Menurut Durianto (2001) merek merupakan nama, istilah, simbol desain, ataupun kombinasinya yang
mengidentifikasikan suatu produk atau jasa yang dihasilkan oleh suatu perusahaan. Kotler (2004)
menyatakan bahwa merek membedakan penjual, produsen, atau produk dari penjual, produsen, atau
produk yang lain. Merek dapat berupa nama dan simbol. Sebagai penjual ia diberi hak eksklusif untuk
menggunakan mereknya.

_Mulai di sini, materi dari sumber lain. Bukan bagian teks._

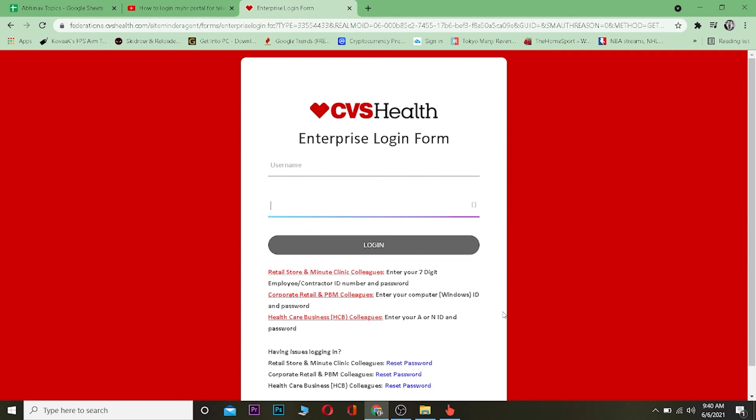That's basically how you can log in into your CVS Health account. If you found this video helpful, then be sure to hit the like and subscribe button with notification on so you can get notified once our new video releases. If you have any question you can ask us in the comment. I'll be happy to answer you and I'll see you in a bit, bye.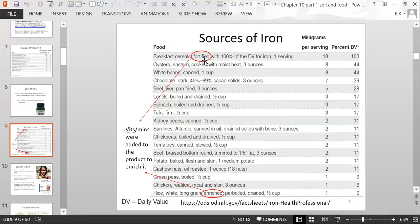If you look at the box of cereal you eat for breakfast, it will say something about being fortified and list vitamins and minerals found in that cereal. Other sources of iron include meat, oysters, chocolate, and lentils.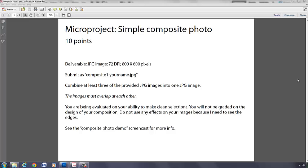800 by 600 pixels, 72 DPI. It is going to be saved as a JPEG, and you will be evaluated on keeping those specs. So please do not submit a Photoshop file to me. Submit a simple JPEG.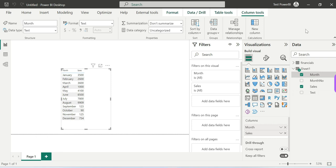So by using Sort by Column together with a Conditional Column, we can achieve this requirement. This is a common interview topic — a scenario-based question you should know. The same concept applies not only to months but also to days of the week: Sunday, Monday, Tuesday, and so on. Sort by Column with Conditional Column is the compulsory solution for these types of ordering issues.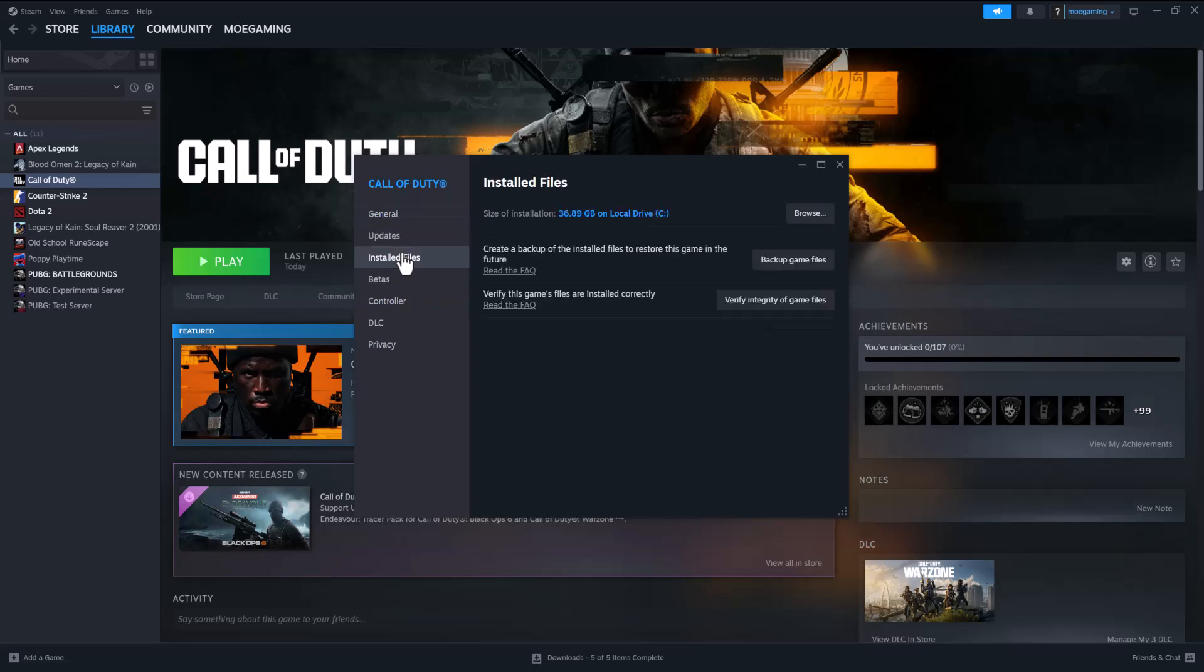If that doesn't work, it's also possible there's something with the game files itself that's wrong. So doing Verify Integrity of Game Files usually fixes a lot of these issues. So I would highly recommend you to go down that route as well and essentially go from there. So doing these few things should make this error go away and you should be good to go.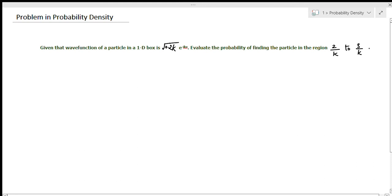The problem is given that the wave function of a particle in a one-dimensional box is √(0.2k) · e^(−ikx). Evaluate the probability of finding the particle in the region 2/k to 3/k.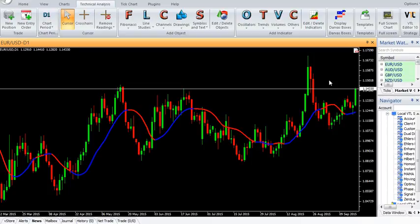In the next step, we average the price over the integer number of bars of the smooth dominant cycle period. Finally, this average is smoothed using a four-bar WMA to generate the Instantaneous Trend Line.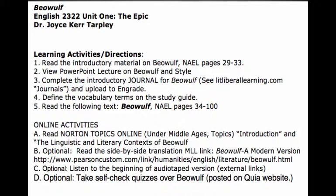When you look at the study guide journal information, always go to the journal posted on eCampus or emailed to you to verify what journals you're supposed to do. The online activities, such as Norton Topics Online, are not optional — you do need to do them. Optional activities include reading the side-by-side translation on my literature lab or listening to an audio tape version, which you can find online by googling Beowulf audio tapes.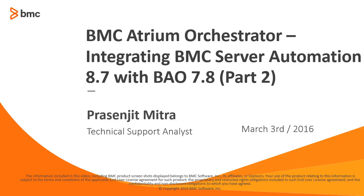In the first part of the BSA 8.7 and BAO 7.8 integration series, we talked about the prerequisites for BSA integration. We created a file deploy job in BSA and also configured and deployed a BSA adapter on the LAP peer.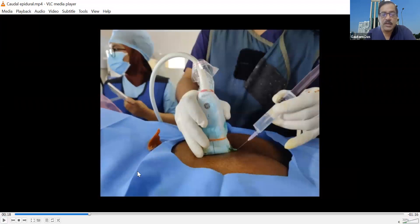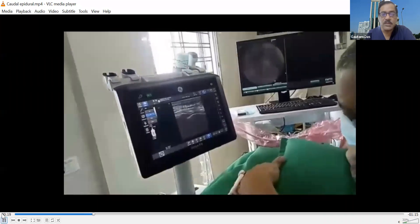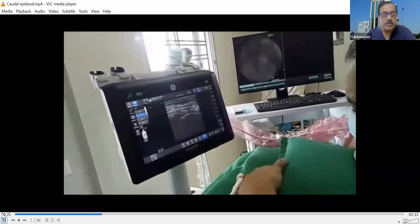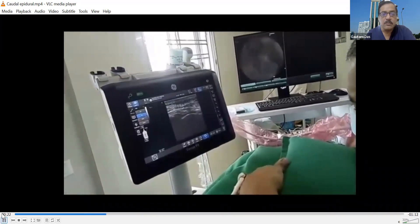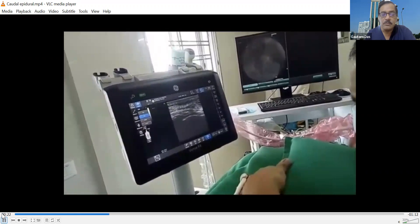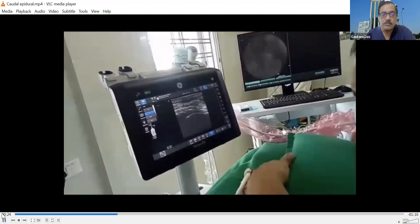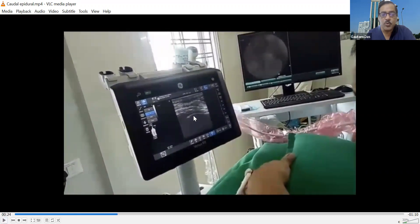The probe is held again in the long axis, and local anesthetic infiltration is done. We can see the sacrococcygeal ligament, the sacral vertebral body, and the midline sacral crest.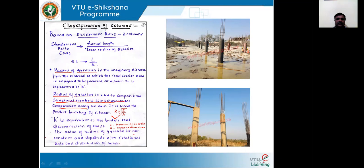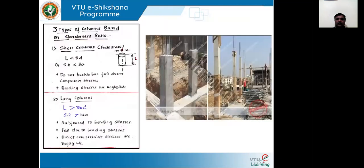The value of radius of gyration is not constant and changes depending on the rotational axis, symmetry, and distribution of mass. If the distribution of mass is uniform and the cross section is uniform, the radius of gyration mostly falls at the center of the axis. Long columns have a very large length compared to the lateral dimension, whereas short columns have a smaller length relative to their lateral dimension.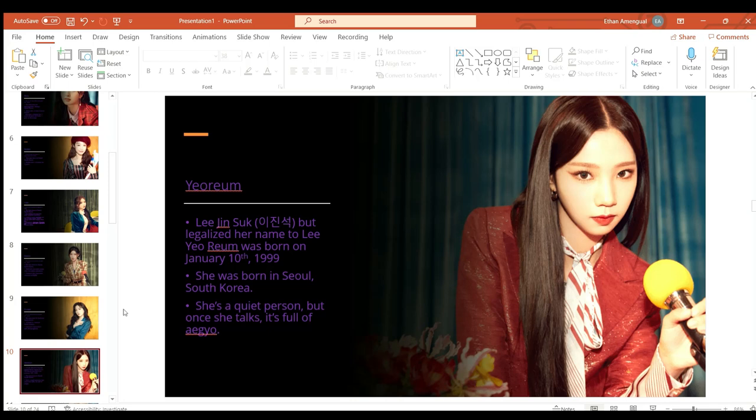Yeonjung or Lee Jin Sook but legalized her name to Lee Yeonjung was born on January 10th 1999. She was born in Seoul South Korea and she is a quiet person but once she talks it's full of aegyo.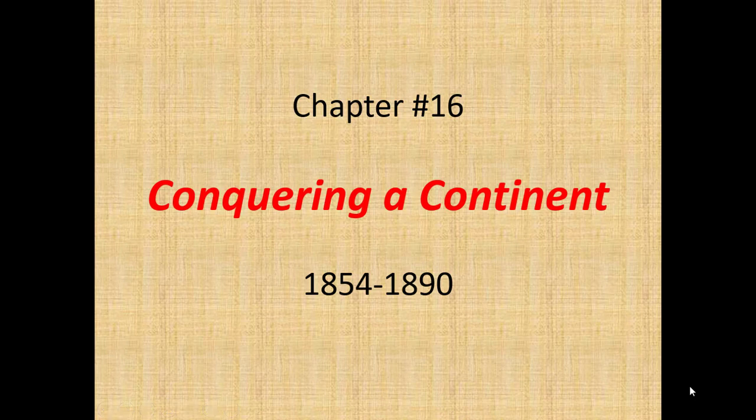Chapter 16, Conquering a Continent, 1854-1890. We're going back a little bit in time here, going back to really before this class starts, going back into the first half of American history, just to kind of get caught up with what's happening with the Westward Expansion Movement. The Westward Expansion Movement goes across both classes, so we're going to catch up with it here. The rest of the chapters in this class will be about the Industrial Revolution and moving to the modern world.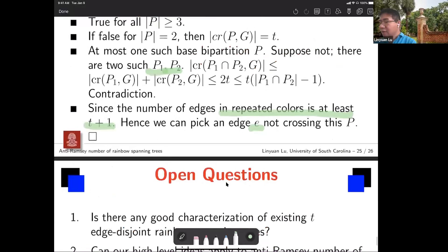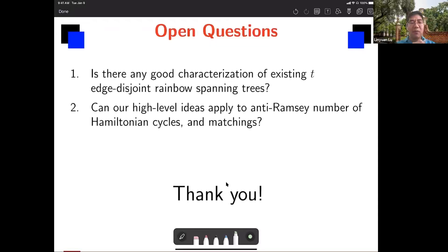I think my time is up, so I'll stop here. The open question is whether this method works for other graph classes — like finding the anti-Ramsey number for Hamiltonian cycles or matchings. Maybe you can modify some structure, relate it to an easier problem, fix that first, then do extensions. Thank you very much.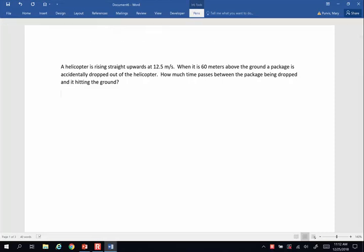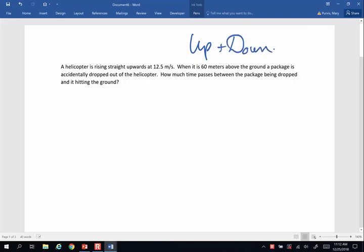Mary here, and we are going to do an up-and-down problem that has a little bit of a twist to it. A helicopter is rising straight upward at 12.5 meters per second. When it is 60 meters above the ground, the package is accidentally dropped out of the helicopter. How much time passes between the package being dropped and it hitting the ground?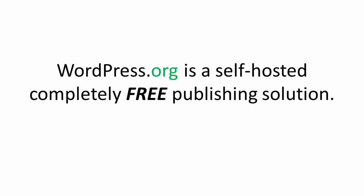For example, WordPress.org is a self-hosted solution, meaning the full-featured, powerful software is completely free.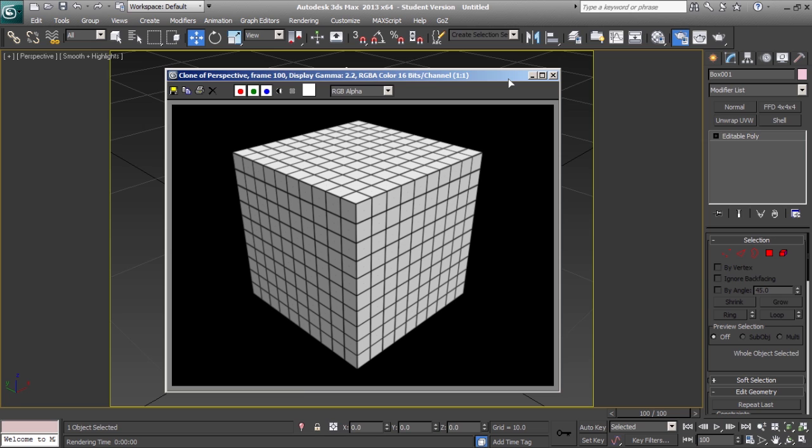The gradient ramp method is the simplest way to make a wireframe material and it works with both the scanline renderer and ray tracing.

Selanjutnya UU Merek No. 15 tahun 2001 pasal 1 ayat 1 menyatakan bahwa
merek adalah tanda berupa gambar, nama, kata, huruf-huruf, angka-angka, susunan warna atau
kombinasi dari unsur-unsur tersebut yang memiliki daya pembeda dan digunakan dalam kegiatan
perdagangan atau jasa.

Merek mempunyai dua unsur yaitu brand name yang terdiri dari huruf-huruf atau kata-kata yang dapat
terbaca, serta brand mark yang berbentuk simbol, desain, atau warna yang spesifik. Kedua unsur dari
sebuah merek selain berguna untuk mempermudah konsumen, juga berguna untuk menggali dan
mengidentifikasi barang atau jasa yang hendak dibeli (Rangkuti, 2004). Dari pengertian di atas, peneliti
menyimpulkan bahwa brand (merek) adalah kombinasi dari nama dan simbol yang dapat membantu
konsumen dalam mengingat suatu produk, membedakan produk dari merek yang satu dengan merek
lain, dan meyakinkan konsumen bahwa mereka akan mendapat kualitas yang konsisten dari suatu
produk yang dikonsumsi.

3. Brand Equity (Ekuitas Merek)

a. Pengertian Brand Equity

Adapun pengertian menurut Kotler dan Keller (2007) yang menyatakan ekuitas merek sebagai nilai
tambah yang diberikan kepada produk dan jasa. Nilai ini bisa dicerminkan dalam bentuk caraseorang
konsumen dalam berpikir, merasa, dan bertindak terhadap merek, harga, pangsa pasar, dan
profitabilitas yang dimiliki perusahaan
b. Dimensi Brand Equity

Menurut David A. Aaker dalam Durianto (2001) brand equity dapat dikelompokkan ke dalam lima
dimensi yaitu:

1) Brand awareness

Brand awareness adalah dimensi yang menunjukkan kesanggupan seorang calon pembeli untuk
mengenali atau mengingat kembali bahwa suatu merek merupakan bagian dari kategori produk
tertentu.

2) Brand association

Brand association adalah dimensi yang mecerminkan pencitraan suatu merek terhadap suatu kesan
tertentu dalam kaitannya dengan kebiasaan, gaya hidup, manfaat, atribut produk, geografis, harga,
pesaing, dan lain-lain.

3) Perceived quality

Perceived quality adalah dimensi yang mencerminkan persepsi pelanggan terhadap keseluruhan kualitas
atau keunggulan suatuproduk atau jasa layanan berkenaan dengan maksud yang diharapkan.

4) Brand loyalty

Brand loyalty adalah dimensi yang mencerminkan tingkat ketertarikan konsumen dengan suatu produk.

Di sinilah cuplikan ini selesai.